Auction rate securities were promoted as being as safe as CDs, with a better yield than CDs or money market funds. Consumers were told they would have easy access to their investments. When the ARS soured in early 2008 and customers wanted their money back, promoters said the accounts were frozen.

That's why attorneys general of several states as well as the North American Securities Administrators Association (NASAA) have been filing complaints and even lawsuits against a who's who of finance.

The Wells Fargo settlement was a product of separate agreements with California and NASAA. The company paid a $1.9 million fine and didn't admit to any allegations against it.
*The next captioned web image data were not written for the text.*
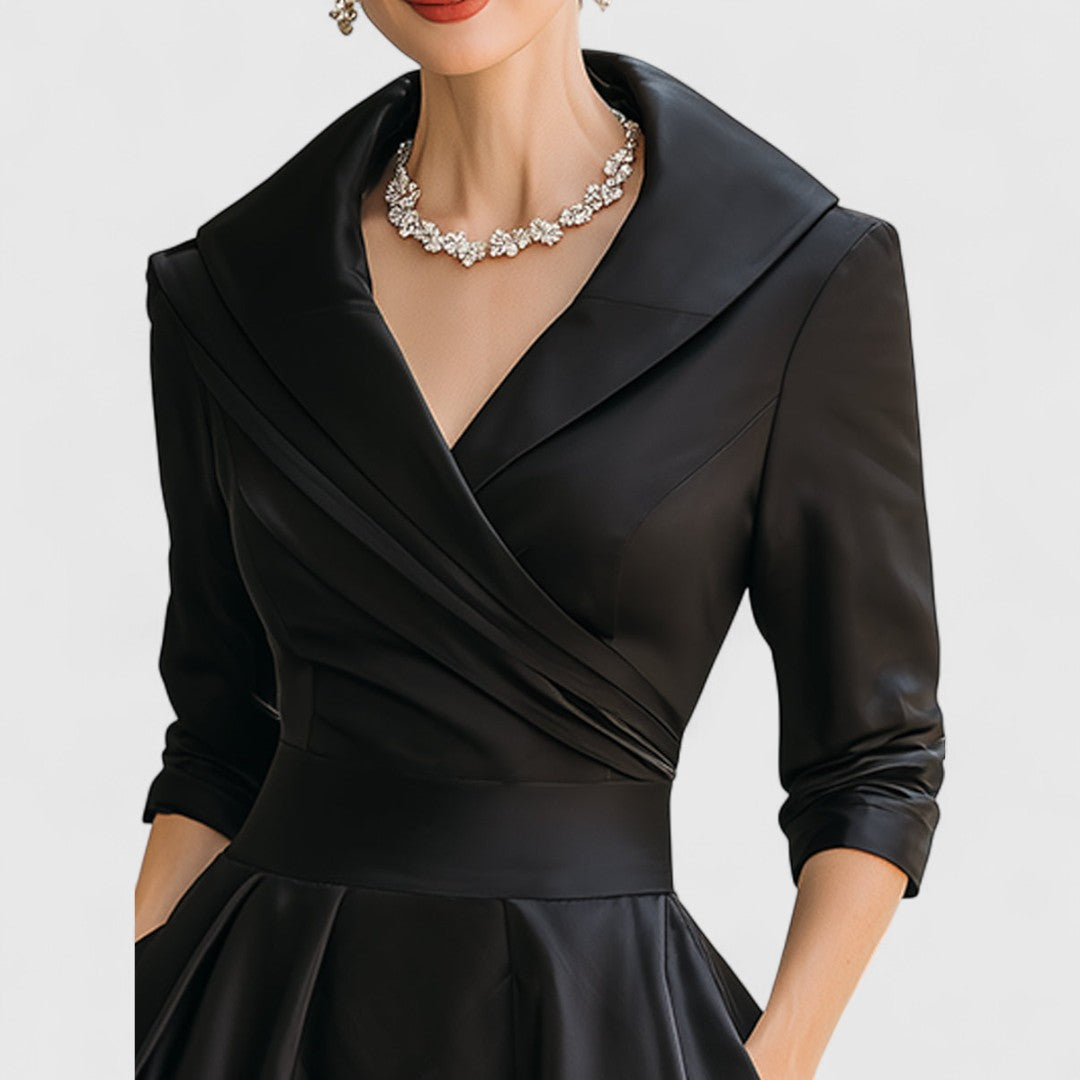 Marley Quinn Navy Satin Midi Dress With Wrap Bodice And Pockets by Selouva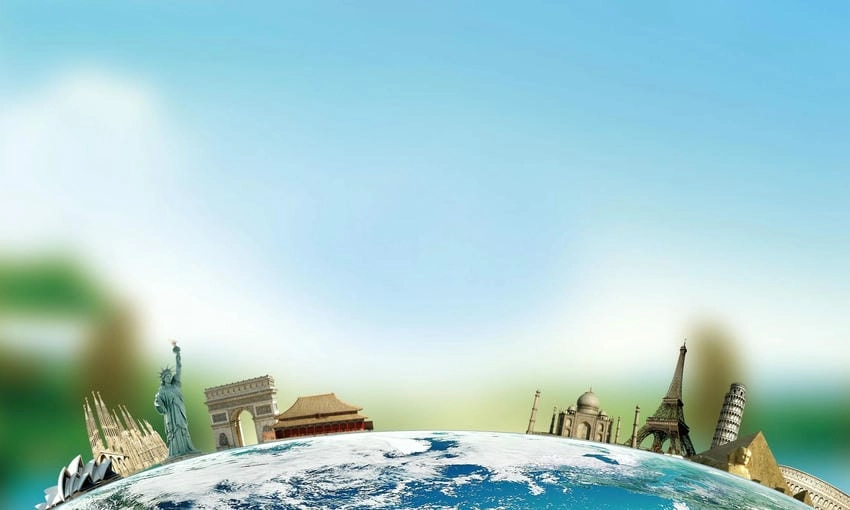 Background du lịch thiên nhiên xanh mát đầy cảm hứng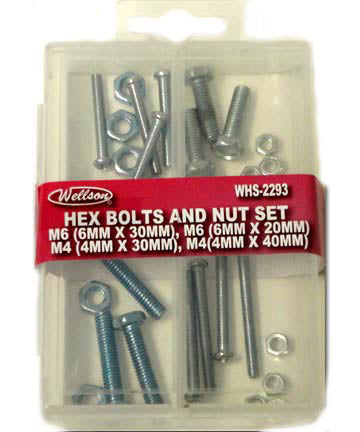 WHS-2293 - NUTS AND BOLTS KIT M6(6X30/6X20MM) M4(4X30/4X40MM) (14 pcs/pkg)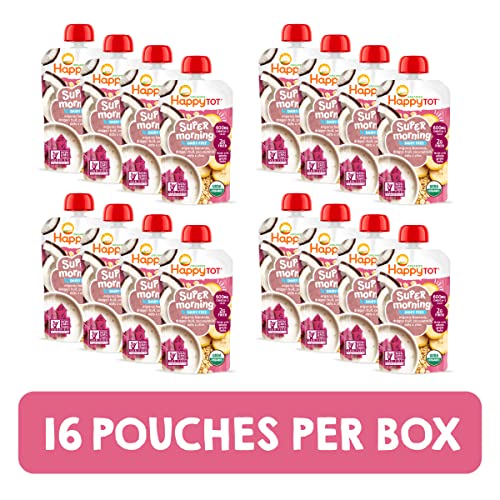 Happy Tot Organics Stage 4 Baby Food Pouches, Gluten Free, Vegan & Dairy Free Snack, Super Morning Fruit & Oat Blend, Bananas, Dragon Fruit, Coconutmilk, Oats & Chia, 4 Oz (Pack of 16)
Why you should be indignant
If Motley Fool readers are infuriated over Wall Street bonuses, they should be howling over ARS -- because individual investors, as well as institutional investors, were hurt when financial companies froze their ARS accounts.

By Thanksgiving, marketers of auction rate securities had made settlements to return some $61 billion in frozen funds, according to NASAA. And that money is only from 13 settlements with names like Citigroup, Bank of America, TD AMERITRADE (NYSE:TD), Deutsche Bank (NYSE:DB), JPMorgan Chase (NYSE:JPM), and Wachovia, which was later acquired by Wells Fargo.
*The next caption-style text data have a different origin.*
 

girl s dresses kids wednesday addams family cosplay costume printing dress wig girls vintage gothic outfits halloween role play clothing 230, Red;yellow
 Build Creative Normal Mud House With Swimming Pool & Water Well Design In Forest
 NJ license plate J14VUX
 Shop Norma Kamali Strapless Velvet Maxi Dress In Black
"We don't know how much ARS money is still out there," Matt Kitzi, the Missouri Commissioner of Securities, told me in an interview.

Kitzi, who heads a NASAA task force on auction rate securities, said he can't identify a typical investor. However, he noted that "we have ample anecdotal evidence that middle-class, Main Street investors were sold ARS as a liquid, safe investment."

Although ARS started in the early 1980s as an investment for institutional investors who could buy in blocks of $250,000, Kitzi says underwriters and marketers later made ARS more attractive to retail investors, small businesses and charities by reducing the buy-in to as low as $25,000.

According to the Financial Industry Regulatory Authority (FINRA), a typical ARS was either a long-term bond or preferred shares with a cash dividend. Those higher yields were produced during periodic auctions -- every seven, 14, 28, or 35 days -- when the interest rates were reset. The system worked as long as buyers outnumbered sellers at the auctions.

However, when the economy nosedived, the ARS froze in early 2008 because there weren't enough buyers. The auctions failed, and when consumers asked for their funds, they were told their accounts were frozen.

What can you do?
The ARS market has dried up, according to FINRA, except for a "limited largely inactive secondary market where some investors have managed to sell their ARS investments below par."

Investors seeking a better resolution have several choices: File complaints with regulators or financial industry associations or try arbitration through FINRA. The organization says that more than 500 investors have filed claims against ARS promoters.

FINRA enforcement actions have returned more than $1 billion to investors primarily from smaller firms that sold but didn't underwrite the ARS securities. In one settlement, for example, FINRA said several firms used advertising and marketing materials that "did not provide a sound basis for investors to evaluate the benefits and risks" of ARS. Supervision of ARS marketing was inadequate.    

Some issuers and marketers of ARS have tried to help customers until the companies can free up the ARS funds. Wells Fargo, for example, has given customers access to as much as 90% of their ARS investments by offering loans at "advantageous rates" until customers' investments are repaid.

However, even when a company agrees to repurchase ARS, the process can take a long time. Earlier this year, Stifel Financial (NYSE:SF) said it would buy back some $180 million in ARS in stages through June 2012.

The ARS saga, which is far from over, illustrates the traditional warning that consumers must keep their caveat emptor detectors at high levels when seeking new investments.

However, just look at a typical consent decree, and you'll see from consumers' complaints that companies' marketing outpaced a complete description of risks. Financial firms were criticized for failing to adequately train and supervise the agents who sold these products.

Maybe auction rate securities don't elicit the poignant outrage that grotesque Wall Street bonuses or a $6,000 shower curtain do, but they don't instill any confidence in financial institutions, either.